Note also that the Afanasievo and Yammnaya individuals fall outside the range of present-day European variation in many of the dimensions, basically as if they were pulling towards the Karitiana Indians of the Amazon. No doubt, this is their excess ANE talking.

By the way, I recently ran some of the same samples in PCA limited to West Eurasian populations.
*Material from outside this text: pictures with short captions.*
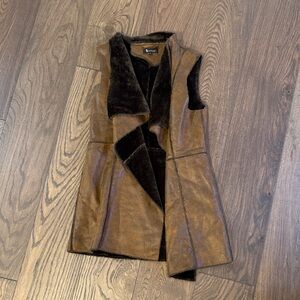 Brown and Black Sleeveless Women's Coat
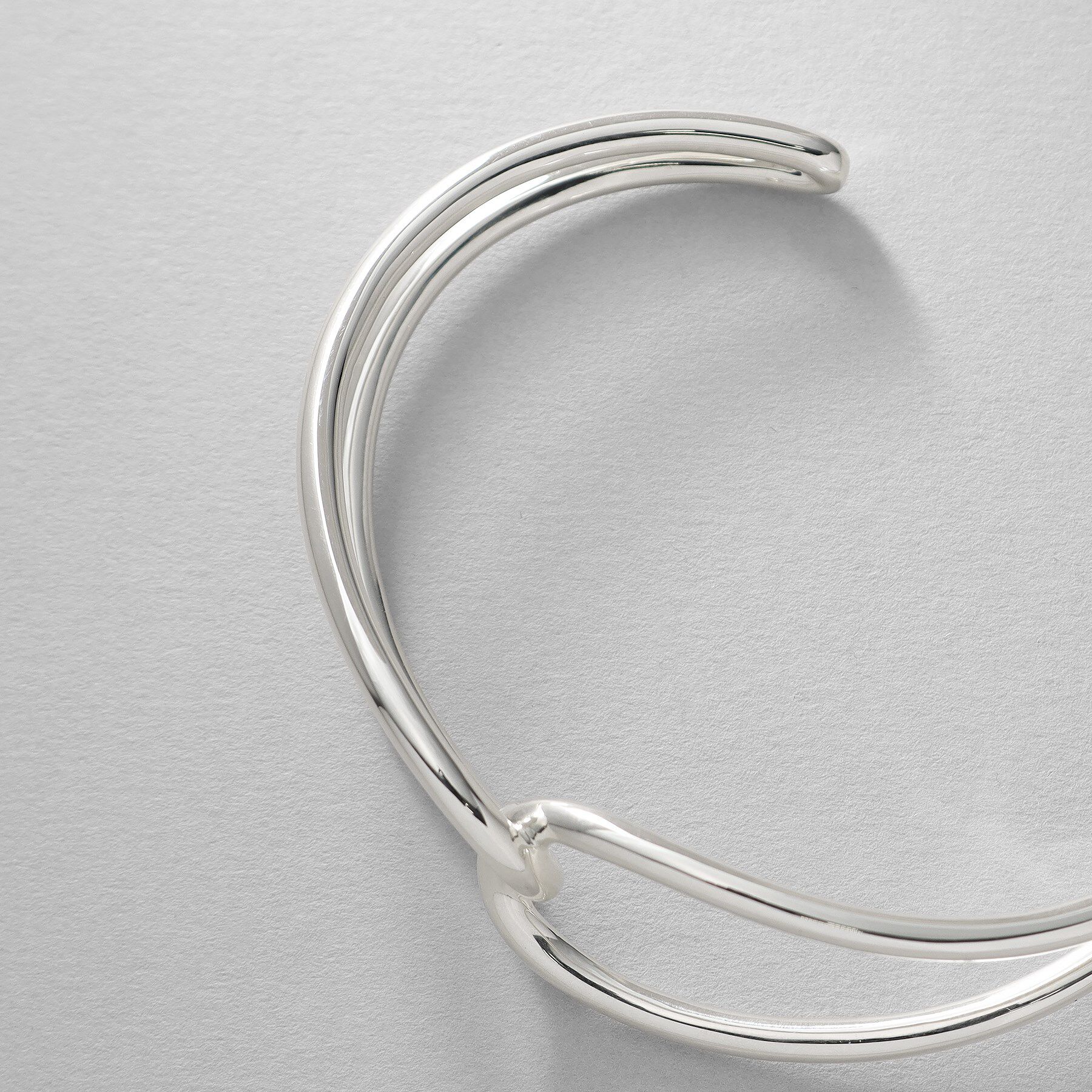 COCOSHNIK ONKITSCH「シルバー ワンストロークノットバングル」|ブレスレット・バングル|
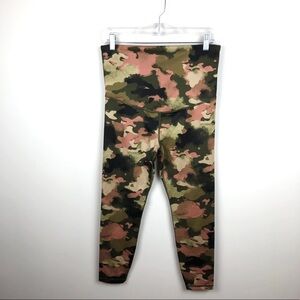 GapFit Maternity Eclipse Camo Leggings Small Reg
You can see the results here.

6 comments:

Unknown said...

How much ANE do Karitania have ?

Davidski said...

Around 42%.

Grey said...

curiouser and curiouser

Matt said...

EEF vs ENA defines the second dimension so you and many samples are not that close to EEF. I wonder if a lot of EEF samples together would create a cluster even further out from Sardinian, or not.

Andronovo in these world terms (defined in many ways by similarity to Asian and African outgroups) is about as close to Lezgin, Chechen, Adygei as it is to Estonian, while they are more distinct with a WE view.

Similarly in these terms, Corded Ware is overlapping North/East Europe (Scotland, Norway, Lithuania) close by Georgia, Armenia.

Davidski said...

I'd need several high coverage EEF samples to do this, but Stuttgart almost sticks out beyond the Sardinians by itself.

https://drive.google.com/file/d/0B9o3EYTdM8lQOTQxX2ZRWFJnQUE/view?usp=sharing

At the same time though, in dimension 1 it's closer to Sub-Saharan Africans than most Europeans are.

andrew said...

It is very hard to distinguish the targets from the other points on the plots visually.